Yep, school is out and I've returned to my role as pack mule/chauffeur/personal assistant/personal chef/home health care nurse/police officer. And it hasn't even been a full week since the last day. Strap in, readers, it's going to be a wacky summer with fewer posts than I would like. But, you know, those children of mine demand to be fed, so what can I do?
My other children, the four-legged variety, are also a bit needy these days. Charleston the Terror looked like she swung one too many barbed "Yo Mamas" and ended up in a bar brawl. She had a deep gash under her eye the source of which still confounds us. Off to the vet we went, she and I. No stitches, thankfully, but the vet ordered a regimen of antibiotics (twice daily) and topical antibiotic cream (thrice daily). Turns out, she doesn't care for ointment being smeared on her face all day. Who knew?
Over the weekend, I decided that both dogs needed baths and I wasn't willing to spend money on a groomer (plus, I read a report recently about animal abuse at groomers, so I used that to rationalize my spendthrift ways). Rick usually bathes the dogs, but he was busy doing yard work and I didn't want to wait for a time when he was free. Plus, I like being responsible and pulling my weight with the hard jobs.
Here is what I learned from bathing the dogs in the backyard:
- Charlie prefers to have water slowly poured over her rather than being sprayed full-on with a hose.
- Lucy prefers to be sprayed full-on with a hose.
- It takes a hell of a lot of shampoo to wash a St. Bernard/Golden Retriever (I think there's still some under her ears).
- My dogs didn't like the baths, but were more cooperative than I believed was possible. I also kept them on a very short leash.
- Charlie will let me hold her in my wet lap while I cut her nails.
- Both dogs smell almost as bad after a bath as they did before the bath.
- Lucy is now shedding profusely. See if you can find me through the tumbleweeds of fur.

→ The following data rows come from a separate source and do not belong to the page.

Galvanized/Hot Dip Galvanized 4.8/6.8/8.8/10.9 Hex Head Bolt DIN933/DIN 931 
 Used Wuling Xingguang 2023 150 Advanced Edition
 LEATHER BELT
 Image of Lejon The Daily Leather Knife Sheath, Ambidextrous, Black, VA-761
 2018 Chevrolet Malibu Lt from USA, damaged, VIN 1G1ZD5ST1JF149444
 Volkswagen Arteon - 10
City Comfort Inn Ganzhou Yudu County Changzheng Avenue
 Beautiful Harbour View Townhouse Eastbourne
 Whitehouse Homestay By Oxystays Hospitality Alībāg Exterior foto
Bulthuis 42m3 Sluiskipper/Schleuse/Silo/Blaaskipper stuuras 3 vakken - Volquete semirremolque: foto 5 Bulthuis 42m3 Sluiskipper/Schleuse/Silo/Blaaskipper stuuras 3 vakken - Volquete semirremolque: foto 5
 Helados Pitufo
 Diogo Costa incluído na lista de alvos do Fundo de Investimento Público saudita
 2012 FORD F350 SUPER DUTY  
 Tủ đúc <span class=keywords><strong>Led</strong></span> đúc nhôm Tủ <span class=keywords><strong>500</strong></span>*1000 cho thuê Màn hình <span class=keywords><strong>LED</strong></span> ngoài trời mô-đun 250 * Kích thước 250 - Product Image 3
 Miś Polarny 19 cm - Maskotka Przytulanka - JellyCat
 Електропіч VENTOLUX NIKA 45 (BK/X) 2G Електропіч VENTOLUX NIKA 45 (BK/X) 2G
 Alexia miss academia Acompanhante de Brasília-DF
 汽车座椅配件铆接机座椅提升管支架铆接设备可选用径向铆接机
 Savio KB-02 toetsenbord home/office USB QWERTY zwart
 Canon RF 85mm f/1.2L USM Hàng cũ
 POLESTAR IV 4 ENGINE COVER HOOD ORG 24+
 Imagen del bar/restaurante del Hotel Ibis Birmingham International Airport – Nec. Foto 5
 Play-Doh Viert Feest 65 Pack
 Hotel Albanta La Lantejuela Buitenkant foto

Because Lucy's nails are tougher to cut, I take her to the vet for her manicure. This happened last night, and pretty much par for the course when I take Lucy to the vet: Lucy is 112 pounds of obstinate flesh and fur. I've tried putting her in the back of my Subaru wagon -- in fact I got the car expressly to put our dogs in the back -- but she won't go in without help. Maybe I should keep a step ladder handy. Well, instead of breaking my back trying to get her into the cargo area, I've taken to making her my shotgun. (Dog is my co-pilot.) This takes equally as much coercion as getting her in the back of the car. Each look equally ridiculous. Picture me - all 5 feet of me - pushing on the backside of a dog that is almost as big as me and I could ride like a circus pony. I have to pick up her anxious front paws and put each one on the seat. Still, she doesn't budge. I push again from the back. Her paws slide off the seat. I put the paws back on the seat and get my hands under her haunches, lifting them with all of my body weight until she awkwardly plops in the seat, facing the driver's side, tail lolling out the door. I push the tail under her, jump in the driver's seat, and very slowly drive to the vet (about 8 blocks from my house). I roll down the window and she sort of likes it, but she's facing the wrong way and can't figure out how to turn around. At one point of the short drive, her feet hit the foot well and she sits like this for the rest of the ride -- backside in the seat, front paws in the footwell, head slightly out the window in an awkward slant. Oh, and I'm completely covered in white fur. And, I'm supposed to be at a nice restaurant to meet friends in an hour.
My life is an episode of "I Love Lucy". In this case, Lucy is my dog, and I love her despite what an utter pain in the ass she can be.